▶ **Caption-style text data**
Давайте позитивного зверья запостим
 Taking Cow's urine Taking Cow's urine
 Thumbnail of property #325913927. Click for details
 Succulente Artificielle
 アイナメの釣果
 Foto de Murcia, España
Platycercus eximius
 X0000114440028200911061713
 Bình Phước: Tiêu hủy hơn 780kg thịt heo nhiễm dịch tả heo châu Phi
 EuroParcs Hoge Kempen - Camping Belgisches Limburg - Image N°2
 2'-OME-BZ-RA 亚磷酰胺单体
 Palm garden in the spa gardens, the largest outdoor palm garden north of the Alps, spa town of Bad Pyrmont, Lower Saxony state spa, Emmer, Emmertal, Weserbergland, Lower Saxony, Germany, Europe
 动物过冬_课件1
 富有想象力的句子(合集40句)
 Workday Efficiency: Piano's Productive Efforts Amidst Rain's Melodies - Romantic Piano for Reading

▶ **Task goal**
Repeat the records above in full, word for word.

▶ **Written solution**
Давайте позитивного зверья запостим
 Taking Cow's urine Taking Cow's urine
 Thumbnail of property #325913927. Click for details
 Succulente Artificielle
 アイナメの釣果
 Foto de Murcia, España
Platycercus eximius
 X0000114440028200911061713
 Bình Phước: Tiêu hủy hơn 780kg thịt heo nhiễm dịch tả heo châu Phi
 EuroParcs Hoge Kempen - Camping Belgisches Limburg - Image N°2
 2'-OME-BZ-RA 亚磷酰胺单体
 Palm garden in the spa gardens, the largest outdoor palm garden north of the Alps, spa town of Bad Pyrmont, Lower Saxony state spa, Emmer, Emmertal, Weserbergland, Lower Saxony, Germany, Europe
 动物过冬_课件1
 富有想象力的句子(合集40句)
 Workday Efficiency: Piano's Productive Efforts Amidst Rain's Melodies - Romantic Piano for Reading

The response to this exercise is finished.